Спасение, однако, явилось, но было послано хтоническими силами: мимо меня волной электричества скользнул черный кот и скрылся под козырьком узенькой лестнички, ведшей в подвал.
Кот, осторожный и недоверчивый помоечный кот, никогда не метнется от человека в тупик. И я ринулся вслед за котом, опасаясь только одного — как бы отверстие, к которому он стремился, не оказалось для меня слишком узким.
Но дверь в подвал была широко открыта, и там, внизу, в адской темноте, стучали и ухали какие-то невидимые, сверхъестественные насосы. Я шагнул в темноту — сколько мог — и расстегнул ремень. Облегчение было острым, как сладостная и тоскливая опустошенность родильницы, вплоть до каких-то дивных теплых судорог в кончиках пальцев.
В полном соответствии с законами путешествия в подземное царствие и воскресения из мертвых я выходил из подвала с сияющей на лице счастливой улыбкой. Весь тот вечер я был эйфорически радостен и мучился лишь тем, что не мог ни с кем поделиться своим торжеством так, чтобы быть вполне и до конца понятым.
Не правда ли, вам знакома эта история? Нечто подобное случалось и с вами, нечто подобное рассказывали вам, прихохатывая, друзья за бутылкой спиртного в тесной мужской компании. (Справедливости ради, следует предположить, что целый ряд подобных историй заканчивалось поражением мученика — но об этом мученики умалчивают.) Удивительно, как хорошо такие истории запоминаются — наравне с амурными мемуарами, наравне с оторопью отрочества с подлыми потерями… И как откровенно гордятся рассказчики проявленной ими силой воли или обнаруженным хитроумием — все с целью избежать позорного финала.
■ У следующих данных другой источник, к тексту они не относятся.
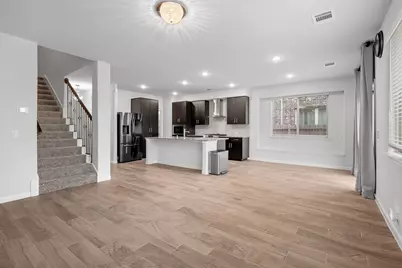 3224 Sioux Trail, Crandall, TX 75114 - Photo 13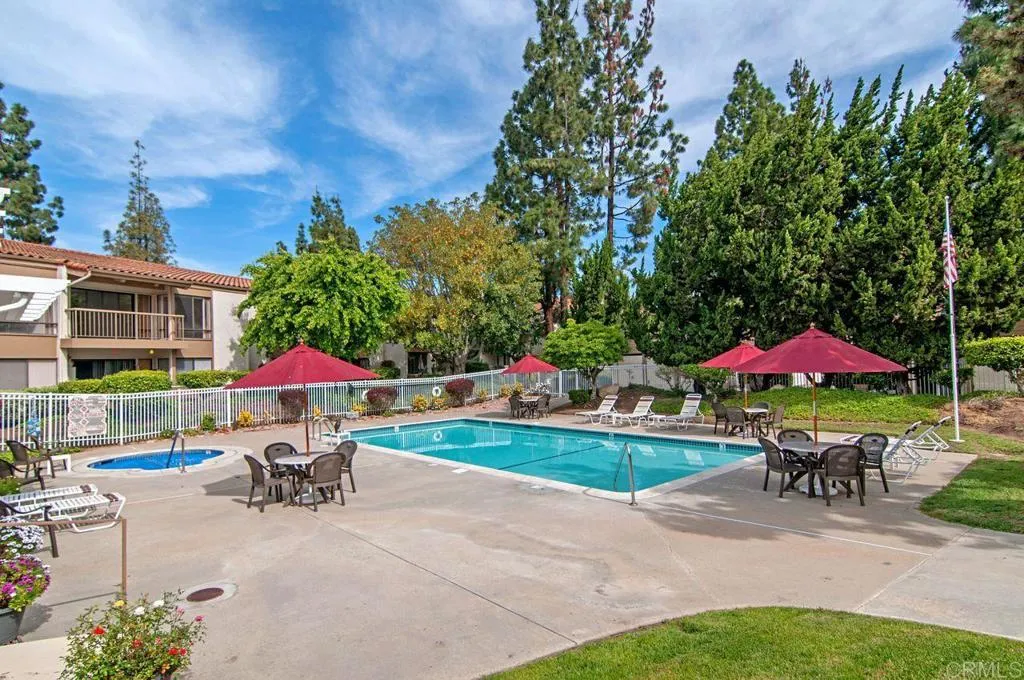 https://cdn.realtyfeed.com/cdn/127/306334139/9a571144b2becbe3b956c72e25281a2f.webp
Мне кажется, что приставучесть к памяти этих архетипических историй связана с тем, что они выпукло представляют некоторую универсальную парадигму трагедии, в которой герой практически свободен от привходящих мотивов общественной или личной пользы (если не считать маловероятную заботу о чистоте улиц родного города). Если спросить героя-рассказчика, почему он, вместо того чтобы претерпевать столь ужасные телесные муки, не уступил настоятельным потребностям своего тела прямо в том месте, где рок застиг его, он, разумеется, ответит, что подобное было бы стыдно и неприлично, что публичная дефекация осуждается обществом и простительна только дитю или маразмирующему старцу. Но что мешает (допустим, что выбран такой момент, когда женщины отсутствуют) совершить при посторонних мужчинах на улице, то, что совершается в столь же анонимной компании в наиболее примитивных типах общественных туалетов, где отдельные личности не отделены друг от друга даже подобием перегородок?
Конечно же, объяснение рассказчика в данном случае поверхностно, тривиально и представляет собой только мыслительный штамп.
Речь же идет в первую очередь (хотя это так редко осознается) о противостоянии тела с его естественными нуждами, которые являются частными проявлениями космических законов, воспринимаемых как непостижимый рок (сома, тело как часть ко-сомоса, со-телия), организующему и окультуривающему сознанию героической личности. Дефекация все равно будет совершена (она неодолима в принципе), но она будет совершена по правилам, установленным героем (в надлежащем месте при соблюдении ряда ритуальных требований), в результате чего герой счастливо будет пребывать в иллюзии, что он обладает тем, что на самом деле обладает им. Таким образом, победа над дефекацией является только символической заменой победы над высшей и наиболее неодолимой из потребностей тела, над верховным проявлением космического закона — над смертью.